So What Happened?
UPDATED: Many friends and well-wishers, and some in the media, have asked for an account of my termination at AEI. Here it is.
After my dismissal from AEI Thursday, I posted in this space my letter of resignation. I declined television interviews, but I did speak to print journalists about the basic facts, in a way that expressed respect for AEI and its leadership.
I spent most of today flying from Washington to San Francisco and emerged from the plane to a fierce counter-attack, including an especially unpleasant piece from Charles Murray.
Let me respond here to some specific issues in this matter.
1) Was the firing political? Obviously I cannot enter into people’s minds, and at my termination lunch AEI President Arthur Brooks insisted that politics had nothing to do with the decision. So let’s just follow the time line. Waterloo piece is posted Sunday March 22. Wall Street Journal editorial denouncing me appears March 23. Summons to lunch arrives mid-morning of March 23. At lunch I am told that AEI wishes to terminate my salary, office, benefits, and research assistance. I am however at liberty to continue to consider myself part of the AEI family. I declined that offer and wrote a letter of resignation.
2) Was the firing in response to donor pressure? At lunch, Arthur Brooks explained that AEI was facing a new kind of donor environment, in which donors were becoming much more specific about where they wanted their money to go. Arthur expressed extreme personal distress at having to terminate me. It’s possible that those words were pro forma, and that my own affection for Arthur led me to attach more weight to them than I should have. It’s very strange that Charles Murray would denounce me as a liar because I wished to think better of my former boss!

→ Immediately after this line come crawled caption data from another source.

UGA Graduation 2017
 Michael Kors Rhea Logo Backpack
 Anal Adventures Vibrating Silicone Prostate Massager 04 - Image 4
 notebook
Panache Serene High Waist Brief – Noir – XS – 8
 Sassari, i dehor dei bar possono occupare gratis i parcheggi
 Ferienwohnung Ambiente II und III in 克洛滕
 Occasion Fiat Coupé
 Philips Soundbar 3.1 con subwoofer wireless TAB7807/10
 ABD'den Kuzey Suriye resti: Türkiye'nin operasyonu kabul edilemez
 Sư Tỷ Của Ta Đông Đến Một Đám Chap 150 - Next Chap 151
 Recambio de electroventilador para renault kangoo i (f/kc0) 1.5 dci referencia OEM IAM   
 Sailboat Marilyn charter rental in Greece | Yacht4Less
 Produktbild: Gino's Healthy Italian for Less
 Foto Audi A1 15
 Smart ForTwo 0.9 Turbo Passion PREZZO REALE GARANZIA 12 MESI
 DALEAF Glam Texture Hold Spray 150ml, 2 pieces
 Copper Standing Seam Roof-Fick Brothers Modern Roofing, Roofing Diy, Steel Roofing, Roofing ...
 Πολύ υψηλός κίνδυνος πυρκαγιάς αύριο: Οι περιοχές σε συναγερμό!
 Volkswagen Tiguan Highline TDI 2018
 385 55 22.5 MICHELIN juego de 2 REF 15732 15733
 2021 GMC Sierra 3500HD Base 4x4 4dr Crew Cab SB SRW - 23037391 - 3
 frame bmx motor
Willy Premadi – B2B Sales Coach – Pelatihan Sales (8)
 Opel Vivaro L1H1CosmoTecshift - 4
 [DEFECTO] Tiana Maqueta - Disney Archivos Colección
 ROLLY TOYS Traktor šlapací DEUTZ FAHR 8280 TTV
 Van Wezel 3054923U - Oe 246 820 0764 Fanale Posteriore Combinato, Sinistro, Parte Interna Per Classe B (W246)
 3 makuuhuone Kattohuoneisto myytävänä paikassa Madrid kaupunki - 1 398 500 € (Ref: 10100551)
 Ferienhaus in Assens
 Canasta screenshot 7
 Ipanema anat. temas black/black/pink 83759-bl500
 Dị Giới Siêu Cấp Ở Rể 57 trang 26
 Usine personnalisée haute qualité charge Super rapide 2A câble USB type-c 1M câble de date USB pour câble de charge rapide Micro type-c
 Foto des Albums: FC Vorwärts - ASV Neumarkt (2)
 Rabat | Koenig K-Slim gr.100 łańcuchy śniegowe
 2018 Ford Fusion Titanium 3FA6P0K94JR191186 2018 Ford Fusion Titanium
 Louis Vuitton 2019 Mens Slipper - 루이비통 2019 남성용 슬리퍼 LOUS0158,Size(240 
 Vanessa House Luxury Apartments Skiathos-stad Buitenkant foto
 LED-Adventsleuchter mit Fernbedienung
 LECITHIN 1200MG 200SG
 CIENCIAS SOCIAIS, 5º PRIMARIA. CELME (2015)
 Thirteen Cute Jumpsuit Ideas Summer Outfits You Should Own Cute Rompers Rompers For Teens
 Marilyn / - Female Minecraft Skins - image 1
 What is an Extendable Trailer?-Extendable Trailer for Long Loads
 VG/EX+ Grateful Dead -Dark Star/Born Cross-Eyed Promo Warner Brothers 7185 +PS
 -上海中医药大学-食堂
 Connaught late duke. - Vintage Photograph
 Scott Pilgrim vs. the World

3) Did AEI muzzle healthcare scholars? I fear that in reproducing in print a private conversation from some months ago, Bruce Bartlett made a transmission error. I did not report as fact that scholars were laboring under any restrictions. What I did say was that AEI was punching way below its weight in the healthcare debate. I wondered, not alleged, wondered, whether AEI scholars were constrained by fear of saying something that might get them into trouble. To repeat: this was something I asked many months ago in private conversation, not something I allege today in public debate.
4) Was I terminated for under-productivity? If you’ll believe that, you’ll believe anything. In seven years at AEI, I wrote 3 books, over 1000 newspaper and magazine articles, millions of words of web journalism. I have made more TV appearances, delivered more lectures than I even know how to count. (I’ll be delivering half dozen such lectures in China in the month of April as a guest of the US Department of State.)
I have written speeches on an unpaid basis for politicians I admire. I worked pro bono on a presidential nomination campaign. Then, there was the campaign to oppose Harriet Miers nomination. Does AEI seriously suggest that it fired the man who led the battle that made possible Samuel Alito’s confirmation to the Supreme Court because I didn’t pick up my snail mail often enough? That’s what they said to Politico.
As for Charles’ other suggestions, well, they point in a very different direction than he’d like. I did attend for example the 2009 World Forum, and was fiercely scolded by Lynne Cheney for my criticisms of Rush Limbaugh. This year I was not invited at all, despite having obtained for the conference some of its most distinguished international guests.
Charles acknowledges that he himself spends almost zero time on the AEI premises. If that’s a firing offense, I’ll see him at the soup kitchen.
UPDATE:
Finally, one last thought about my reply to AEI's claims above. If it's required that AEI scholars publish their online work at AEI's own blog, why did Charles Murray post his remarks about on me on the Corner, instead of upon ... AEI's own blog?